> **Records for this task**:
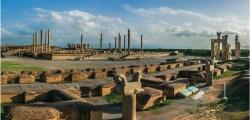 Persepolis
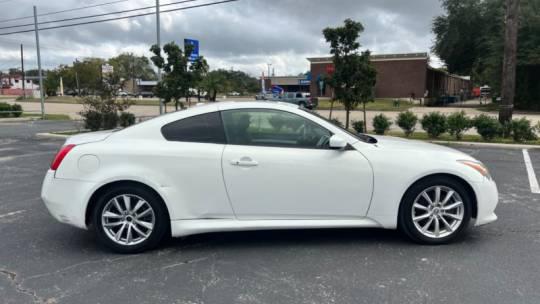 2011 INFINITI G37 Journey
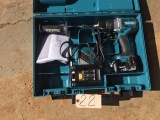 Makita Cordless Drill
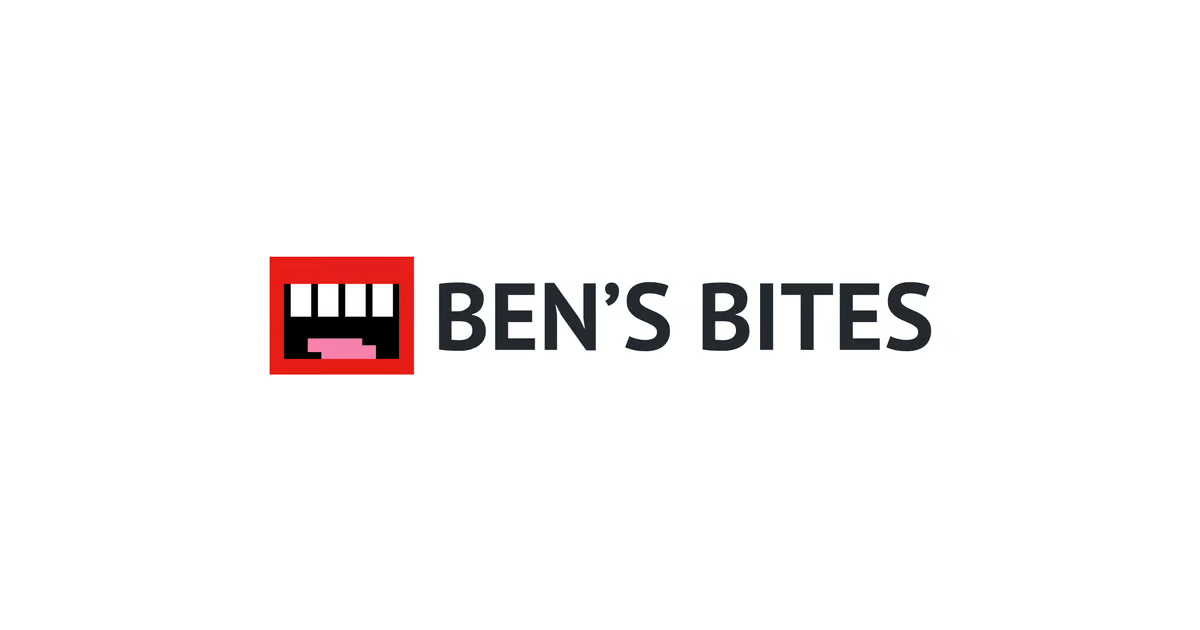 Ben's Bites's cover image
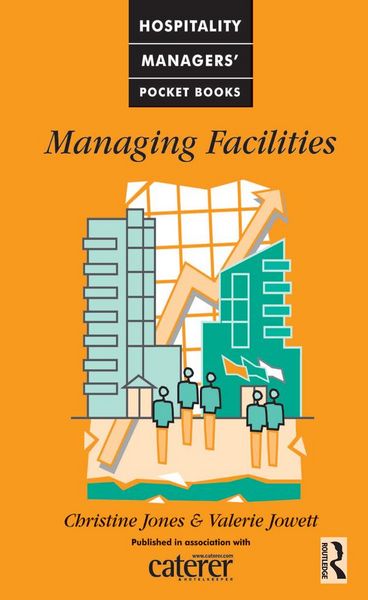 Produktbild: Managing Facilities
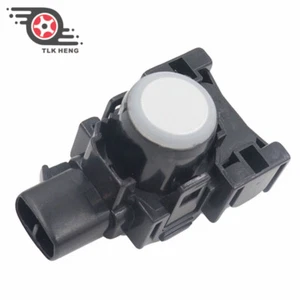 Ultrasonic PDC Parking Sensor 89341-64010-A0 Whie For 14-17 Toyota 4Runner 4.0L - Bild 1 von 7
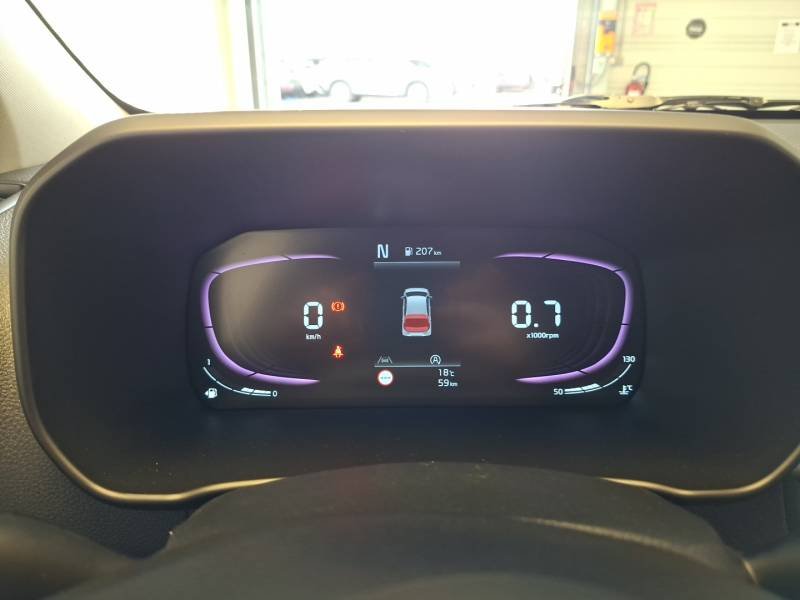 Kia Picanto - Photo 29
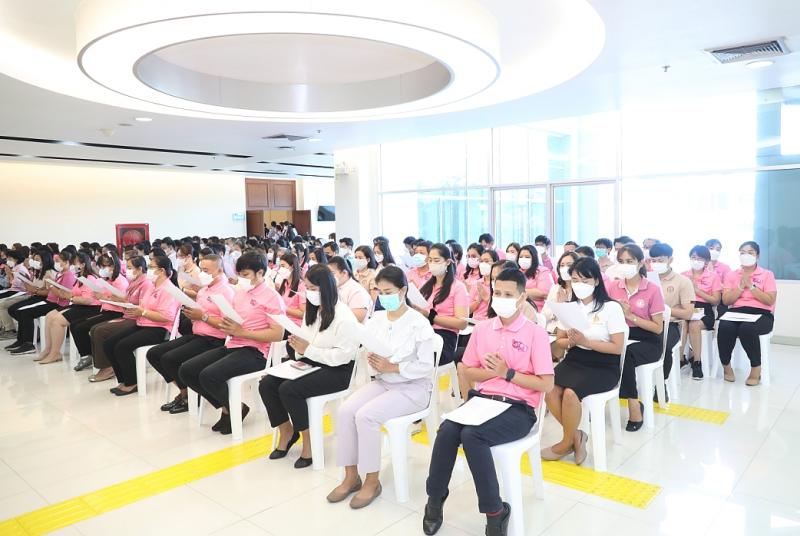 รมว.พม. เป็นประธาน�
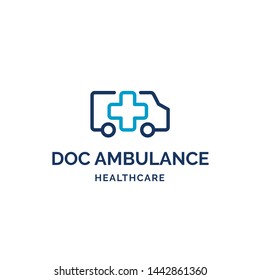 Ambulance Logo High Res Stock Images Shutterstock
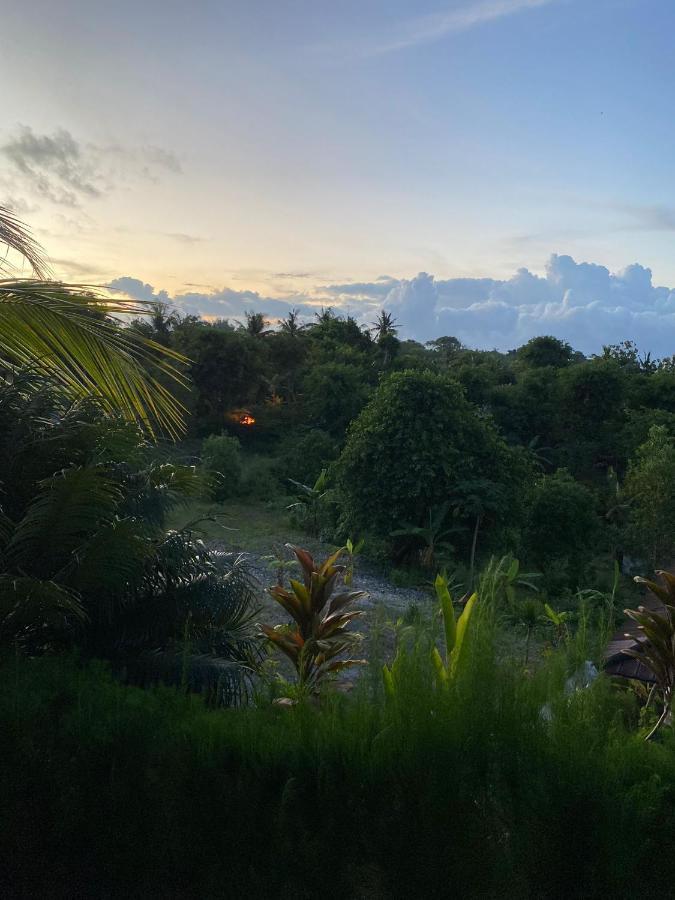 The Pancor Jungle Resort Ped Εξωτερικό φωτογραφία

> **What you should do**:
Starting at the line that holds "รมว.พม. เป็นประธาน�", repeat every line through the end of the listing exactly as written, skipping any picture.

> **Response for this exercise**:
 รมว.พม. เป็นประธาน�
 Ambulance Logo High Res Stock Images Shutterstock
 The Pancor Jungle Resort Ped Εξωτερικό φωτογραφία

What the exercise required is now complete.